The attention also came with some unexpected nastiness from others in the swim community.

It was her senior year in high school, and she’d committed to swimming for her high school team to help them win state.

  • “A few parents from our opponents’ schools, as well as some opposing coaches and athletes, seemed to have something to say about it. A lot of journalists and commentators had their own opinions, too.”

A family from an opposing school sent the Franklins a batch of cookies with a card that read: “We hope you’ll convince Missy NOT to swim with the team so that the other girls will have their chance to shine.”
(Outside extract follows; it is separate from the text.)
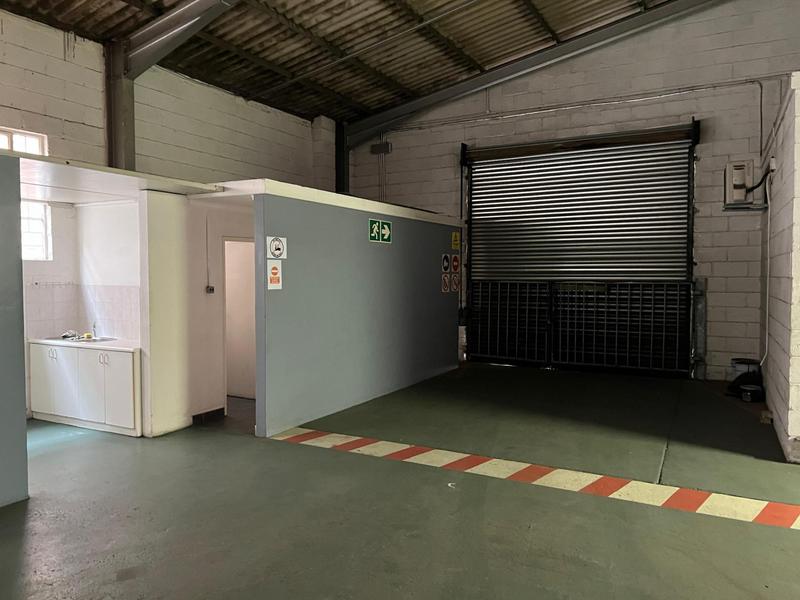 To Let commercial Property for Rent in Sidwell Eastern Cape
  • “I loved my friends. And I knew we’d all be headed off in different directions after high graduation. This time in our lives was coming to an end and I wanted to hold on to it for as long as I could, in whatever ways I could… In the end, I tuned out all the criticism and found a way to enjoy my senior season with my friends.”

The path to Rio was far from easy

After the London Olympics, and a 6-gold medal winning performance at World Championships in 2013, expectations for Franklin were sky-high heading into Rio.

But training had become more of a grind.

  • “It became a job, and it was a job she was good at, but she wasn’t swimming with abandon. She wasn’t loose, like she’d always been,” said her dad.

After a disappointing swim at the US Olympic Trials, where she failed to qualify for the team in the 100m backstroke, Franklin had to do the usual media gauntlet:

  • “You talk to the media, try to come up with an original way to say how disappointed you are, how you’re still hoping to swim your way onto the team. And then you try to keep it together beneath the stares of all these well-meaning people who keep looking at you like you’re…broken.”

Franklin qualified for the Olympics by swimming to second place at Trials in the 200m freestyle. But even though she’d won the event at world championships, and was the fastest ever in yards in the event, her confidence was low.

  • “I was overjoyed—but at the same time, I was terrified because it felt to me like I didn’t deserve to be going to Rio.”
  • “I didn’t see how I stood a chance against the very best in the world—not with the way I’d been shaken at the trials. Not with the way I’d been swimming.”
  • “…by the time I got to Rio I was so emotionally drained and unsure of myself I couldn’t possibly swim to my ability.”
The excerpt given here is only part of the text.